12. The method of claim 11,
The neural network network is a method for predicting disease risk through complex genetic information relationship analysis, characterized in that selected from the group consisting of a convolutional neural network (CNN) and a recurrent neural network (RNN).

The method of claim 1,
The method of predicting disease risk through complex genetic information relationship analysis, characterized in that the accuracy of the network model for predicting the disease risk is 95% or more in sensitivity and 90% or more in specificity.

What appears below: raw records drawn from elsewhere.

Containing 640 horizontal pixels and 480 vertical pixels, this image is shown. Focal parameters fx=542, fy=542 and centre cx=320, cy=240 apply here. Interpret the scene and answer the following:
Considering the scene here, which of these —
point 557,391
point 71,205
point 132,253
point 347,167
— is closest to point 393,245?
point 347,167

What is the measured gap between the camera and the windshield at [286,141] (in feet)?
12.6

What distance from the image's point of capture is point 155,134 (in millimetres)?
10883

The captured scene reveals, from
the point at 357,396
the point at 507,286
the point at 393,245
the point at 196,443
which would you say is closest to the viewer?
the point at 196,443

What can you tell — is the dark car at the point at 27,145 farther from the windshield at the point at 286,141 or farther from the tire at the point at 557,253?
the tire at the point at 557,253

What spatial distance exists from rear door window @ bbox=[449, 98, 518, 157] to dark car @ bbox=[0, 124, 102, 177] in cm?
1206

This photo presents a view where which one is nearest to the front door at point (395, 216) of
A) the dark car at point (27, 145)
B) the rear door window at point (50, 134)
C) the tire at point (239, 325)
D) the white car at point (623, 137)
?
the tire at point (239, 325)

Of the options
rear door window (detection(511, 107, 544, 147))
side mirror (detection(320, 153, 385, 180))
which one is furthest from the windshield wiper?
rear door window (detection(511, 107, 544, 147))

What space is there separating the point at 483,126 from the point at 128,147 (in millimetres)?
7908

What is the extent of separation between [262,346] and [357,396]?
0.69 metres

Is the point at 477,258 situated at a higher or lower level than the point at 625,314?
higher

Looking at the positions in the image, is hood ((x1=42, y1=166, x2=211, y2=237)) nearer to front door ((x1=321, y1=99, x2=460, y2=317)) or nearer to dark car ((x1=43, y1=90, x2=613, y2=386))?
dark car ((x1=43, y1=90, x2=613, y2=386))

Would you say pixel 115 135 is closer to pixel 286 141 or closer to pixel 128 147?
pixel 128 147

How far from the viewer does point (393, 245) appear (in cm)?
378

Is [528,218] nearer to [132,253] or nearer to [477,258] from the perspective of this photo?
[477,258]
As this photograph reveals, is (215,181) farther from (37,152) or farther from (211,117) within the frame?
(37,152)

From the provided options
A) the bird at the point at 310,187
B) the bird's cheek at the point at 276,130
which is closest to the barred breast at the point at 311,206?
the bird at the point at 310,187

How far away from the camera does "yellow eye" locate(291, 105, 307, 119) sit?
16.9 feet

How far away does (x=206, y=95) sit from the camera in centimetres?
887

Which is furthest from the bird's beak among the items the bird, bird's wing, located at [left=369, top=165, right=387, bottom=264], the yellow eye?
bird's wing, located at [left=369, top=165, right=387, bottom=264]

As a disease state-specific biomarker derived through the disease risk prediction method through the complex genetic information relationship analysis of any one of claims 1, 2 and 5 to 13,
The disease state is breast cancer, colorectal cancer or stomach cancer,
The breast cancer-specific biomarkers are hsa-mir-30d, hsa-mir-145', hsa-mir-425, hsa-mir-203a, hsa-mir-452, hsa-mir-378a, hsa-mir-455, hsa-mir-100, hsa-mir-199b, hsa-mir-205, hsa-mir-542, hsa-mir-532, hsa-mir-625, hsa-mir-200c, hsa-mir-183, hsa- mir-22,hsa-mir-451a, hsa-mir-30a, hsa-mir-30e, hsa-mir-148a,hsa-mir-143, hsa-mir-375, hsa-mir-584, hsa-mir- 379, hsa-mir-10a, hsa-mir-182, hsa-mir-21, hsa-mir-486-1, hsa-mir-486-2, and any one selected from the group consisting of hsa-mir-10b or two or more,
The colorectal cancer-specific biomarkers are hsa-mir-6086, hsa-mir-3118-1, hsa-mir-1321, hsa-mir-548f-5, hsa-let-7c, hsa-mir-4752, hsa- mir-183, hsa-mir-29a, hsa-mir-30e, hsa-mir-486-1, hsa-mir-194-1, hsa-mir-194-2, hsa-mir-30a, hsa-mir- 28, hsa-mir-25, hsa-mir-486-2, hsa-mir-182, hsa-mir-30d, hsa-mir-203a, hsa-mir-10b, hsa-mir-148a, hsa-mir- 145, hsa-mir-378a, hsa-mir-143, hsa-mir-22, hsa-mir-10a, hsa-mir-200c, hsa-mir-21, hsa-mir-192, and hsa-mir-375 Any one or two or more selected from the group consisting of
The gastric cancer-specific biomarkers are hsa-mir-500b, hsa-mir-496, hsa-mir-2392, hsa-mir-5739, hsa-mir-4540, hsa-mir-6749, hsa-mir-1915, hsa -mir-202, hsa-mir-2467, hsa-mir-27b, hsa-mir-583, hsa-mir-374c, hsa-mir-219b, hsa-mir-299, hsa-mir-142, hsa-mir -30d, hsa-mir-3074, hsa-mir-147b, hsa-mir-5009, hsa-mir-624, hsa-mir-181d, hsa-mir-489, hsa-mir-581, hsa-mir-29b -2, any one selected from the group consisting of hsa-mir-541, hsa-mir-485, hsa-mir-4519, hsa-mir-20b, hsa-mir-486-1, and hsa-mir-527; two or more disease state specific biomarkers.